Il n’a pas trente ans, il porte le nom d’un musicien mondialement connu dans le domaine du violon d’avant-garde, mais son premier film n’est en rien d’un « fils de», marqué par l’affirmation d’un regard et d’une qualité d’expression uniques. Nom : Giger, fils de Paul. Prénom : Ramòn. Prénom de l’autiste auquel il a consacré Eine ruhige Jacke : Roman.
Mais qui est donc Ramòn ? C’est ce qu’on se demande en découvrant le portrait en mouvement de Roman. En même temps que chacun se demande devant ce miroir vertigineusement proche et fuyant d’un film qui fait sentir beaucoup plus qu’il n’explique: et toi, Madame, Monsieur, qui es-tu ?
Ramòn Giger est né le 2 décembre 1982 dans un bled du canton d’Appenzell. Il a deux frères plus âgés que lui, d’un autre père, et une sœur adoptive de son âge. L’évocation de son enfance, dans une ferme bohème de la région de Wald, lui inspire un large sourire. Comme l’ « échange » scolaire qui lui a fait passer une année à Los Angeles où, grand diable, il a pu assouvir sa passion du basket. Auparavant, il avait nourri d’autres rêves d’enfant en rupture avec l’univers « artiste » de papa : dès six ans, celui de devenir fermier, ou encore pêcheur…
De retour des States, dont le séjour le mûrit, Ramon poursuivit ses études à Saint-Gall et dès l’an 2000 à Bâle, à l’école d’arts visuels. Voilà pour le cursus apparent, qui ne dit rien de tout un monde qu’on devine entre les lignes, ou plutôt entre les signes, du premier et seul film que Ramòn, fils d’Ursina, a tourné jusque-là. « Mais ce ne sera pas le dernier », sourit-il encore. Et d’évoquer son désir d’achopper à un portrait du père avec lequel, on le sent, les relations n’ont pas toujours été faciles, même s’il se dit très attaché à lui.
Quant à son ralliement au monde « artiste », il s’est opéré quand l’impératif de défendre sa patrie, à vingt ans, s’est transformé en période de service civil durant laquelle il a découvert l’univers de l’autisme dans une institution soleuroise spécialisée, fondée dans les années 60 à Roderis. C’est alors que Ramòn a rencontré Roman et que le thème de son film a germé du même coup.
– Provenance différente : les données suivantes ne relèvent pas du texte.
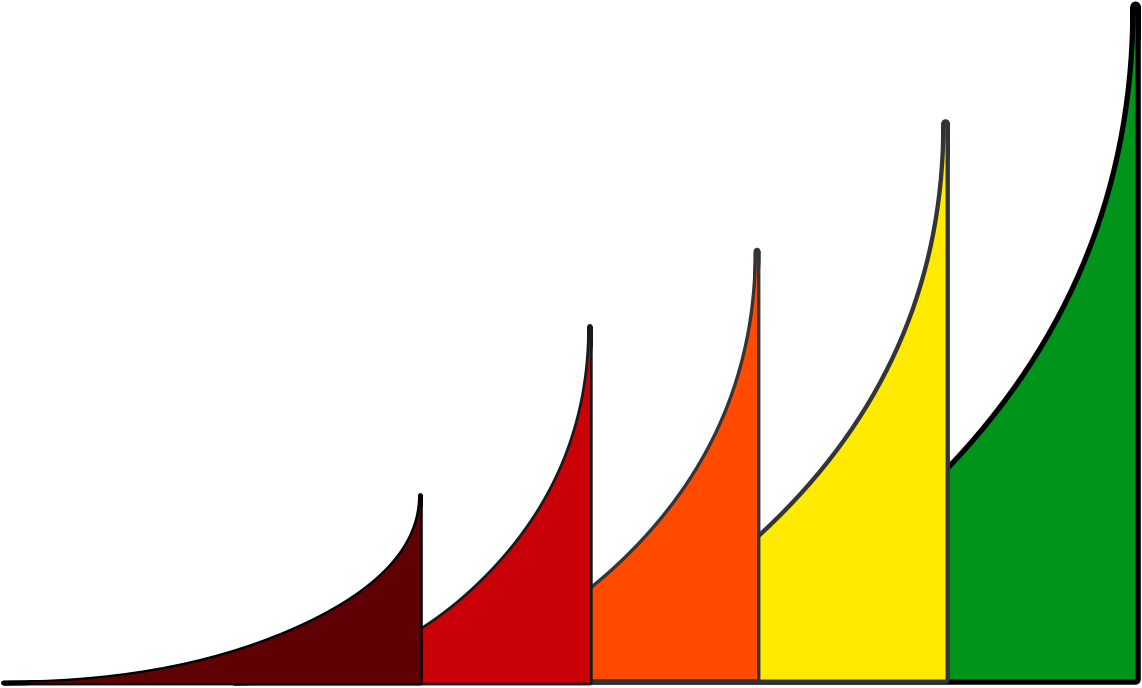 Signalplus - 20 Gb (1142x688), Png Download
Or Ramon est lui-même une partie du thème du film consacré à Roman. Et ce que nous découvrons à notre tour, en regardant Eine ruhige Jacke, est bien plus qu’un documentaire «sur l’autisme». Ce film traite en effet, d’une façon beaucoup plus large et profonde, de notre relation avec les autres, mais aussi avec nous-mêmes, avec la nature, avec ce que nous appelons la normalité et ce que beaucoup appellent encore les « anormaux ».
L’autisme pose, évidemment, la question de la communication : Roman, en effet, ne parle pas avec des mots. Et ça fait peur. Tout de suite, beaucoup seront tentés de trouver une explication causale rapide. Naguère on disait : sûrement la faute de la mère…
Tandis que Ramon, illico, pose la question du préjugé. Et ne se contente pas d’une réponse abstraite mais la vit « sur le terrain », en relation avec les autres. Le thérapeute-forestier Xaver Wirth (1953-2009) va jouer, alors, un rôle essentiel dans ce rapport vivant, intense, souvent poignant, avec le jeune autiste extrêmement présent à certains moments, ou semblant l’être. Participant lui-même au film, et filant tout à coup comme un lutin dans la forêt ou vers Dieu sait quel labyrinthe chaotique qu’il filme lui-même avec la caméra de Ramon. Pour aller où ? Et toi, Madame, Monsieur, tu vas où ?
Après les six mois de tournage du film (90 minutes de prises signées Ramon, 30 minutes signées Roman, 74 minutes au final), les deux compères ont fait ensemble un grand voyage. Très forte expérience, selon Ramon, qui commente très prudemment, cependant, la vraie nature de sa relation avec Roman. «Je pourrais appeler notre lien : confiance. Mais c’est un sentiment plus qu’un savoir… »
Un sentiment qui va de pair avec celui qui se dégage du film consacré par Ramon à Roman : que celui-ci n’est pas qu’un autiste mais, comme nous tous, Madame, Monsieur, une « personne totale »…



Dates de Ramon Giger
Naissance. 2 décembre 1982
1997-98 Séjour aux Etats-Unis.
2000 Installation à Bâle, qu’il dit désormais « sa » ville.
2004 Rencontre de Roman Dick
2007-2008 Tournage de Eine ruhige Jacke

Nyon. Visions du réel. Eine ruhige Jacke sera projeté, au Capitole 1, le 8 avril à 16h.30 et le 10 avril à 14h.30 en la même salle.